Character from "Show Boat"

Gaylord Ravenal is the leading male character in Edna Ferber's 1926 novel Show Boat, in the Jerome Kern-Oscar Hammerstein II musical adaptation, and in the films and other adaptations of the story. He is a handsome, compulsive riverboat gambler, who becomes the leading man of the showboat Cotton Blossom at the same time that Magnolia Hawks, the captain's daughter, becomes the leading lady. In the novel, this happens several years after the illegally married mulatto Julie Dozier (Magnolia's good friend) and her white husband Steve Baker have left the show on the boat. In the musical, it happens immediately after Julie and Steve are forced to leave the show. In the musical, Magnolia and Gaylord meet in the first scene of the show, before Julie and Steve leave, as Kern and Hammerstein wished to bring Gaylord into the story early. In the novel the two meet right after Gaylord is hired as leading man, long after Julie and Steve have left.

==Character history==
Magnolia and Gaylord fall in love and marry after a whirlwind courtship. In the novel, they stay on the boat until shortly after the accidental drowning of Magnolia's father, Cap'n Andy, during a storm. Because of the incessant nagging of Magnolia's mother, Parthy, they leave the boat with their baby daughter and move to Chicago, where they live off Gaylord's gambling earnings. They are alternately rich and poor, and Gaylord is occasionally unfaithful to his wife and belittles her. Years later, upon hearing that Parthy is coming to visit, and finding himself broke, he borrows money from the local whorehouse madam and returns, completely drunk, to the boarding house at which they are living. As he sleeps, Magnolia goes to the whorehouse to return the money, is horrified and saddened to discover that her old friend Julie is working as a secretary there. Magnolia returns to the boarding house to discover that Gaylord has abandoned her. He never returns, and Magnolia brings up their daughter alone. Gaylord eventually dies under unexplained circumstances, in San Francisco. Years later, after Parthy dies, Magnolia returns to Mississippi to manage the showboat and gives her daughter all of Parthy's inheritance money.

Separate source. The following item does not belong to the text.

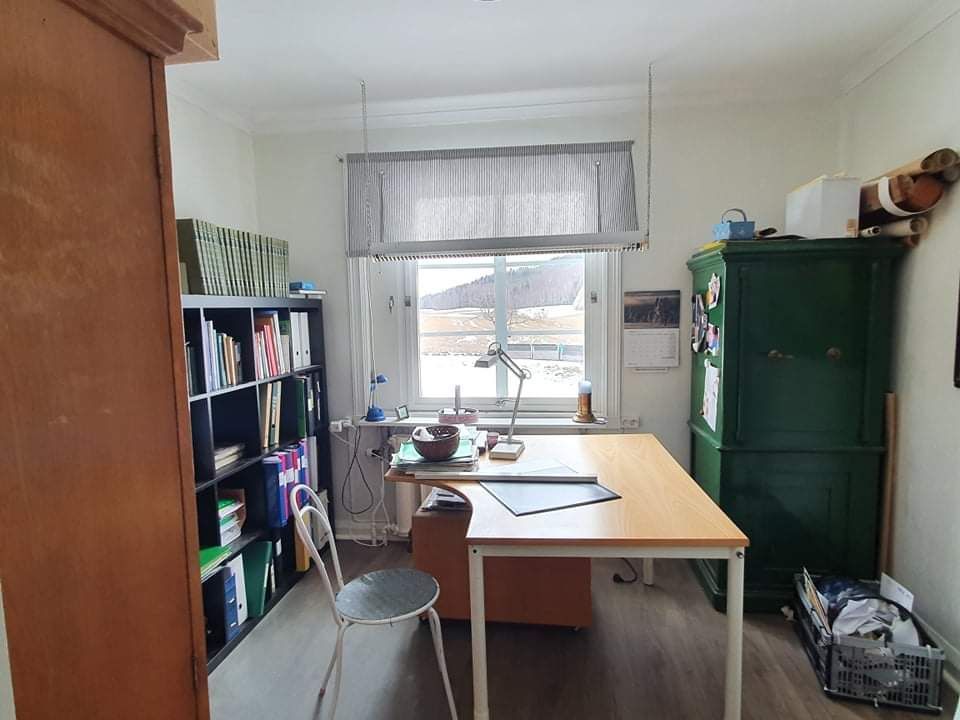 Åsen Gustafs Accomodation – bild 4 av 22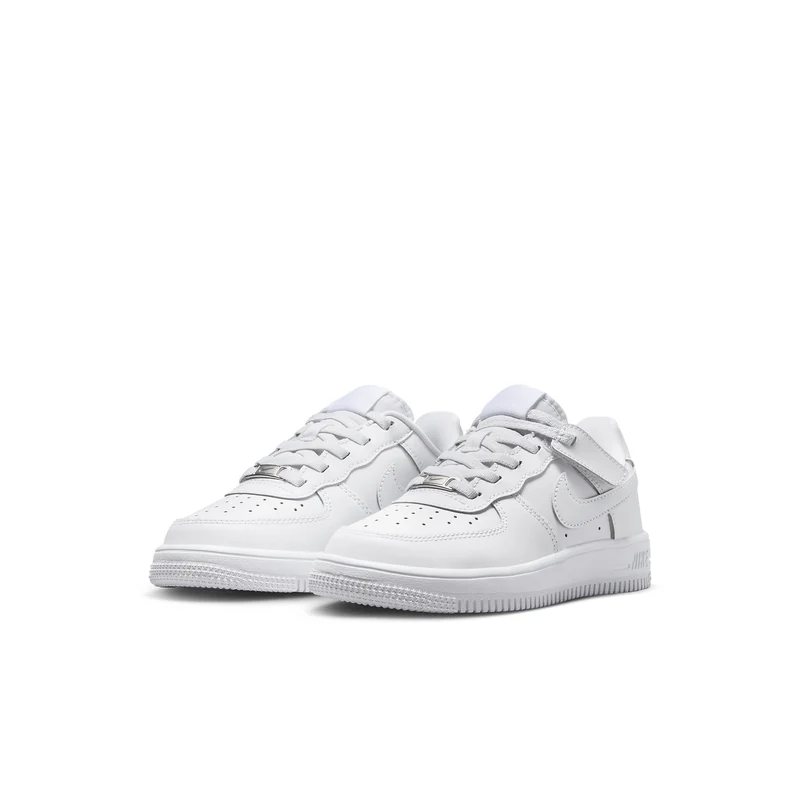 Nike Chaussure pour enfant Force 1 Low EasyOn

In the musical, Gaylord is a much more sympathetic character. None of the characters in the story die in the musical, and Gaylord remains faithful to Magnolia. The pair moves to Chicago with their daughter, as in the novel, but not because of Parthy's nagging. Rather, Gaylord wants to show Magnolia the big city. He deserts her after ten years, not because he fears the wrath of Parthy, but because he feels guilty over his gambling losses and his inability to support Magnolia. She gets a job as a nightclub singer when Julie, who is now an alcoholic, secretly quits the job so that Magnolia can have it. Magnolia goes on to become a Broadway star, with the encouragement of her father, Cap'n Andy, all the while raising her daughter alone. Twenty-three years later, when Magnolia retires and she and her now adult daughter (now a Broadway star herself) return to the boat for a family reunion, Gaylord is there waiting. He and Magnolia reconcile, and all is well. There are variations of this in the film versions.

==Portrayals==
Gaylord was portrayed by Howard Marsh in the original 1927 stage production of Show Boat. Though producer Florenz Ziegfeld brought most of the original cast back in his 1932 revival of the show, Dennis King played Gaylord. In 1929, Joseph Schildkraut, complete with Viennese accent, was rather incongruously cast as a non-singing Gaylord in the first, part-talkie film version of Show Boat. In James Whale's 1936 film version, Allan Jones played the role. In the 1946 stage revival, which was revised by Kern and Hammerstein to accommodate a slightly shorter running time, Charles Fredericks played the role. In MGM's 1951 Technicolor remake, Howard Keel portrayed Gaylord.

The 1946 biopic of Kern's life, Till the Clouds Roll By, featured a re-enactment of some of the first act of Show Boat, with Tony Martin as Gaylord.